Diagnostic potential of ultrasonography and computed tomography in differentiating cervical lymph node metastasis of thyroid cancer: a systematic review and meta-analysis

Arch Med Sci. 2020 May 11;19(4):965-975. doi: 10.5114/aoms.2020.95104. eCollection 2023.

Abstract

Introduction: Ultrasonography (US) and computed tomography (CT) are the most common diagnostic modalities of cervical lymph node metastasis of thyroid cancer, but few studies have been conducted to compare their diagnostic accuracy, with inconclusive results.

Material and methods: Multiple databases including PubMed, Springer, EMBASE, Ovid, and the Cochrane Library were searched with the keywords "thyroid cancer OR thyroid carcinomas", "cervical lymph nodes", "metastatic OR metastasis", and "ultrasonography OR ultrasound OR CT OR computed tomography" in June 2018. Full-text articles comparing diagnostic accuracy of US and CT were reviewed. Meta-analyses were conducted to estimate sensitivity and specificity.
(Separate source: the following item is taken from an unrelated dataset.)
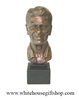 Bust, Ronald Reagan, 40th President of the United States,17.5" Bronze Patina, Cast Stone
The forest plots of sensitivity and specificity and summary receiver operating characteristic curves (SROC) are also presented in this article.

Results: Finally, 8 of 1785 studies which eventually met the inclusion criteria were selected in this study. The mean sensitivities and specificities of CT in whole and central cervical areas were 0.65, 0.56 and 0.89, 0.83, respectively, while for US, the sensitivities and specificities were 0.58, 0.39 and 0.89, 0.91, respectively. The area under the curve (AUCs) observed of CT and US in whole, central and lateral cervical areas were 0.79 vs. 0.79, and 0.76 vs. 0.67. Because only a few articles were included in this study, publication bias was not assessed.

Conclusions: The diagnostic accuracy of US and CT was comparable. The specificity of these two methods was much higher than the sensitivity.

Keywords: cervical; diagnosis; metastasis; thyroid cancer.